When The College of Wooster accepted him as a high school senior from the neighboring town of Orrville, Ohio, Sly Slaughter ’98 said that the school was taking a gamble. “I wasn’t a 4.0 student in high school. I didn’t have the 28 or 29 on the ACT. I was a kid that Wooster took a shot on,” he said. “When I got there, I struggled early on. I didn’t know if I fit in academically and athletically.” With the support of professors and coaches, however, Slaughter found his place at Wooster. “Once I got through my first semester, I knew that Wooster was where I should be,” Slaughter said, describing the College as the “perfect fit” for him.
Slaughter majored in history and played football at Wooster, ultimately deciding to pursue a career in education.
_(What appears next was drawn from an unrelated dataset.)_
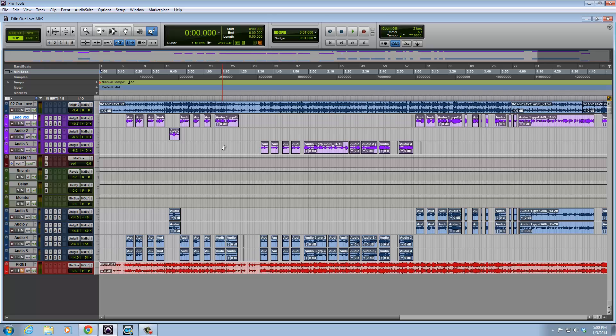And this has been another tutorial of In The Box Mixing and Music. I am Will, and have a good one.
Since graduation, he has worked in Wayne County schools as a world history teacher, football and basketball coach, dean of students, and now as the assistant principal of Orrville Middle School. Slaughter extends the same type of support he received at Wooster to his own students. “I wanted to make sure that I did things right for Wooster and carried that over to my students,” he said.
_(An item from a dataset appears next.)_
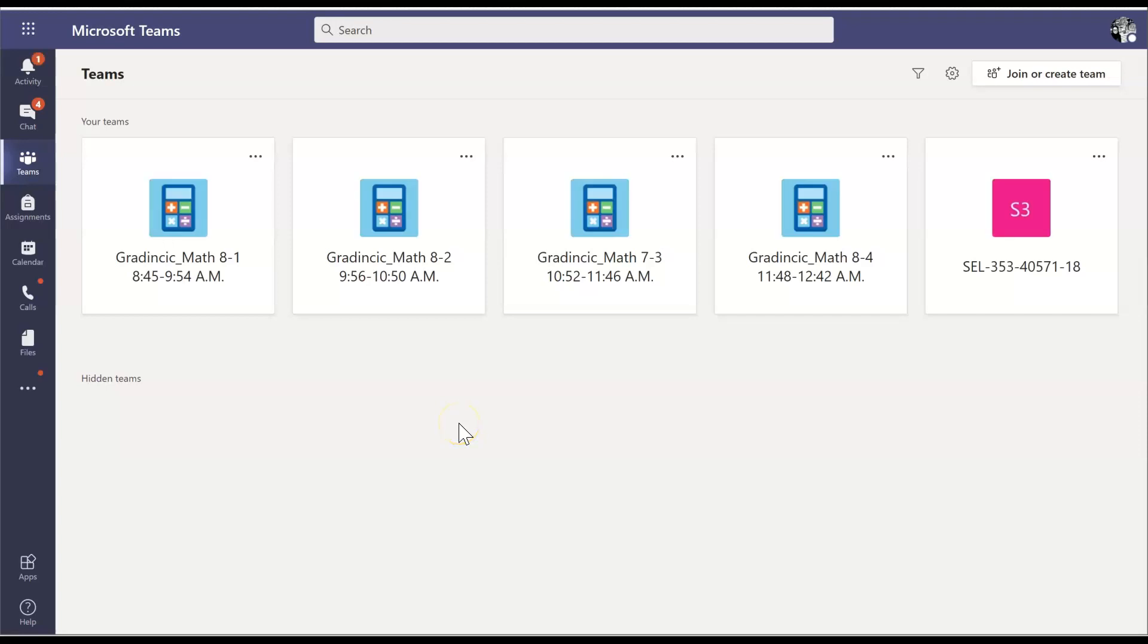Welcome back. This is Ms. Gradincic. I am the 7th grade and 8th grade math teacher at Syracuse STEM at Blodgett. In this video tutorial, I'm going to show you how to navigate to your class notebook.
Charles Kammer, the recently retired James F. Lincoln Professor of Religious Studies, served as a particularly important model to Slaughter for good teaching. “The way that he handled things in the classroom and his demeanor showed that he really cared about his students,” Slaughter said. In the same way, the strong sense of community at Wooster showed Slaughter the importance of having compassion for others, a principle he extends to his own students. “The atmosphere on campus taught me how to be more accepting of everyone, no matter what their sexual orientation or religion was,” he said. “I try to relay that to all of my students as well.”
After completing his degree, Slaughter decided to work in Wayne County to give back to a community that had supported him throughout his entire life. “There were a lot of things that I had to get through while I was growing up,” Slaughter said, but the Orrville community rallied around him. Slaughter’s familiarity with his students’ backgrounds gives him a unique ability to relate to them. “My greatest strength is my interaction with them,” he said. “A lot of that is making relationships with the students and their parents and understanding that you have to handle everyone differently because everyone is going through different things.”
One student he recently mentored was someone who didn’t know whether she would be able to go to college. She met with Slaughter often to discuss her options and ended up going to Wooster, just like him. “Every time I talk to her about how things are going, the first thing she does is smile,” Slaughter said. “The reason I do what I do is because I want to see kids smile when you ask them how they’re doing. That means they’re doing well, and I had a part in doing that.”